= Essential Skills Wales =

Suite of skills qualifications available in Wales

Essential Skills Wales (ESW) is a suite of skills qualifications, available in Wales. Each Essential Skills Wales qualification is equivalent to an E grade at GCE AS-Level (Three Essential Skill Wales qualifications is equivalent to a D grade at GCE A-Level). Essential Skills Wales has replaced the earlier Key Skills in Wales and Wider Key Skills schemes. Skills covered are in the areas of communication, application of number, and ICT. ESW is also embedded within Welsh educational initiatives including the Welsh Baccalaureate and the Apprenticeship programme.

==History==
Essential Skills Wales replaced the previous Key Skills in Wales in September 2011. It replaced the previous Key Skills of Communication, Application of Number and ICT, and the Basic Skills of Adult Literacy, Adult Numeracy and Skills for Life ICT. Subsequently, Essential Skills Wales merged with Wider Key Skills to form one suite of Essential Skills qualifications at levels ranging from Entry 1 to Level 3.
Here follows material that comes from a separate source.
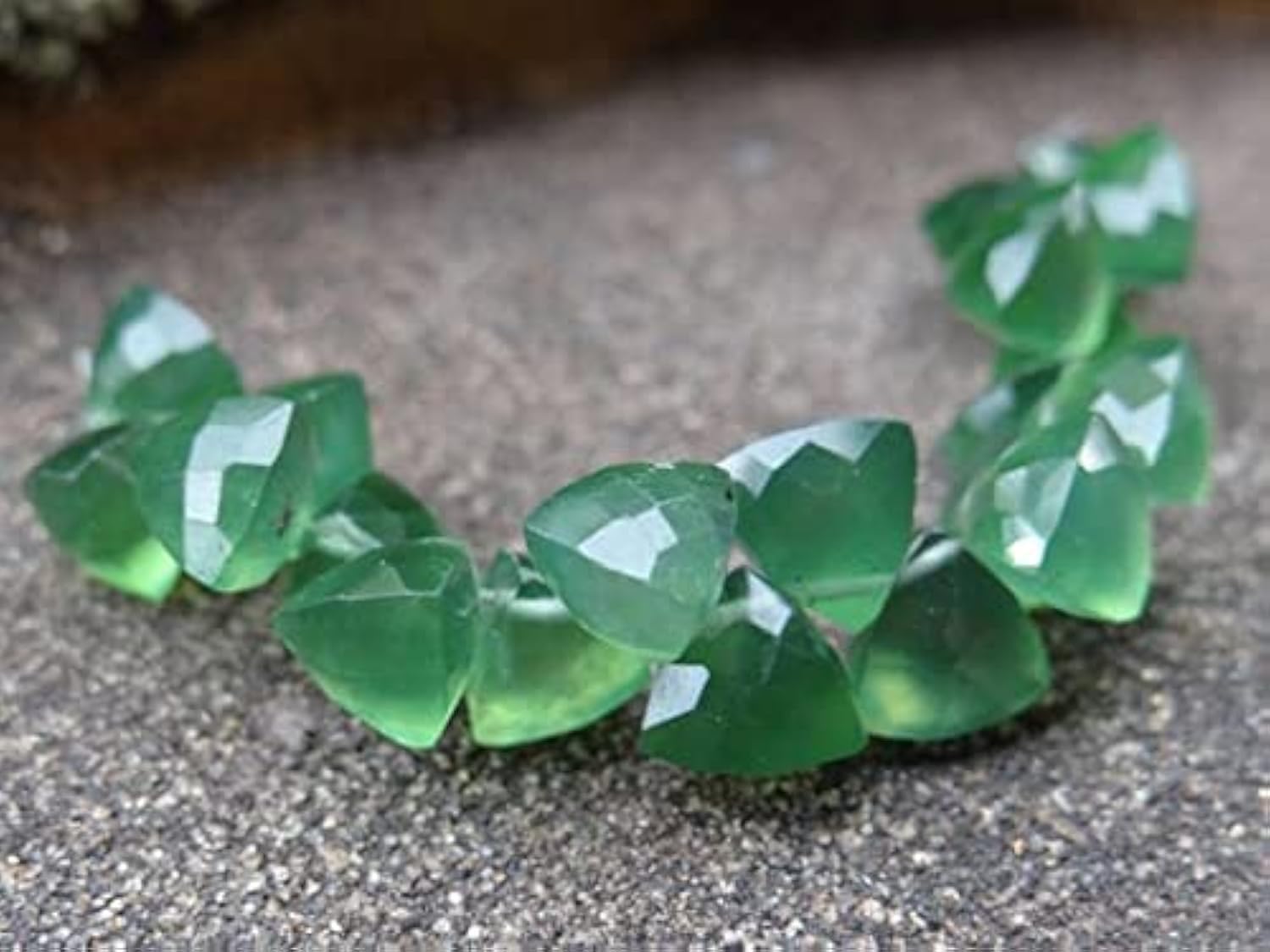 Green Serpentine trillons 7mm LKBEADS lot de pierres percées assorties pour boucles d'oreilles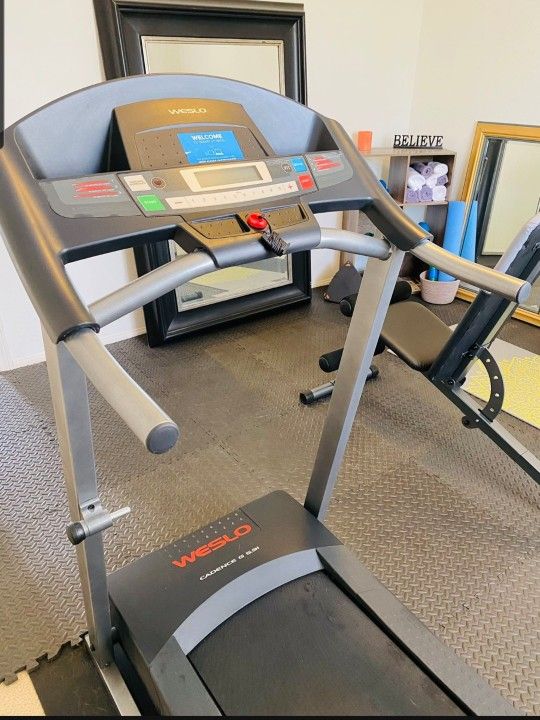 Weslo Cadence Treadmill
Proposed changes in 2016 included a new set of ESW qualifications: Essential Communication Skills, Essential Application of Number Skills, and Essential Digital Literacy Skills.

==Description==
Essential Skills Wales (ESW) currently consists of three different skills qualifications and is available from entry level 1 (Foundation Level) through to level 4 (Advanced Level). These skills can be achieved through the medium of Welsh or English. Four awarding bodies currently offer the qualifications: Pearson, City & Guilds, WJEC and the Welsh Open College Network, Agored Cymru.

== Assessment ==
Application of Number and Communication are assessed by a Controlled Task and Confirmatory Test. Digital Literacy and Employability are assessed by a Controlled Task and Structured Discussion. At entry level, the nature of the assessment for the qualifications will be determined by the awarding body delivering the qualification. Each level of the skills incorporates and builds on previous levels.

== ESW in the Welsh Baccalaureate ==
Essential Skills Wales is one of the four core components of the Welsh Baccalaureate qualification. ESW is intended to complement the other three components (Wales, Europe and the World; Personal and Social Education; and Work-related Education).

In 2015, 4,123 Welsh Bacc learners achieved level 3 ESW Application of Number, and 1,985 Welsh Bacc learners achieved level 3 ESW ICT.